With the base game a sim at level 3 of the culinary career, bringing in 1170 per week, could easily afford a 50k house (650 per week). Not so now- they'd need 2500 to do so- something they won't get until level SIX! (Unless they have a partner or roommate)

This means you will have POOR sims. This means you will NEED to advance in a job. This means writers, painters, etc will NEED a part time job. This makes disposable income MUCH harder to come by. It makes saving important- don't go and immediately spend as much money as you can when making a new sim, you damn well better do the math to make sure they can actually afford the house you're building for them! The more money you make, the more expensive your home can be, and the easier it is to sustain it. The more money-bringers you have the easier it is, as well.

Wednesday, October 19, 2011

Grandma's House Collection

A collection of items to decorate Grandma's house, including Grandpa's chair. Nobody else can sit in it!

I've discovered that if you save an object's specific recolor, that recolor is the one saved to the thumbnail in a collection. It also becomes auto-selected when the object is taken from the collection. So the objects are colored in the collection as you see them here, for quick and easy placement if you like the colors. :)






Remember- you CAN use collections that contain items you don't have. You just won't see those items in the list.

Missionaire Collection

The Mission item set in The Sims 3 is totally ridiculous. Tons of the objects do not say "Missionaire" in the name. Some say "Mission" instead of missionaire. Some have spanish-influenced names. Some don't. So finding all the items in regular play is downright impossible.

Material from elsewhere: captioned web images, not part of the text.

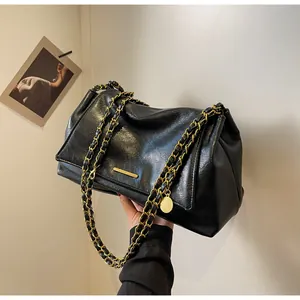 Detail of soft black PU leather handbag with gold chain strap and metallic hardware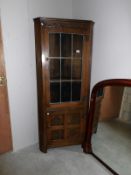 A good oak corner cabinet with lead glazed doors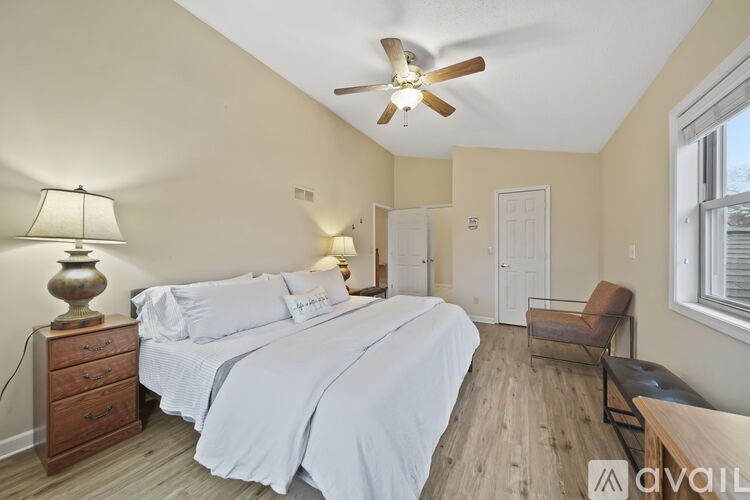 A bedroom with a bed, chair, and a ceiling fan.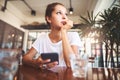 Portrait of beautiful girl using her mobile phone in cafe. Royalty Free Stock Photo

So hey, here's all the Mission items along with some Mission-like items and some walls and floors I felt went with them, all in one collection. The collection icon is that of a Spanish-ish cluster of buildings, like the ones in Pleasantview in Sims 2. :D




To install, place the file in Documents/ElectronicArts/TheSims3/Collections/User.

HOW TO: Share Collections

Step 1. Make a collection.
Step 2. Exit the game. (Do not make multiple collections to share at once- their files are not named and you may get confused when sharing them.)
Step 3. Go to MyDocuments/ElectronicArts/TheSims3/Collections/User
Step 4. Arrange the folder by Date Modified. Find the package file that matches the time you last added something to your collection. It should be the most recent file.
Step 5. Change the name! You can rename collection files. Give it a really good descriptive name so people know what they've got.
Step 6. Share it!




All it takes to share the collection is that one single file. Another player sticks it into their Collections/User folder and it appears in game! You can use objects from any expansion/stuff pack and even custom content- the objects simply won't appear in the collection if the other player does not have them.

Pool Collection

If you add this to your ElectronicArts/TheSims3/Collections/User folder, you'll get a Pool collection, containing all sorts of pool-relevant objects. The collection does include things from each expansion/stuff pack, but it will work fine regardless of which expansions/stuff packs you have. It simply will not show objects you do not have.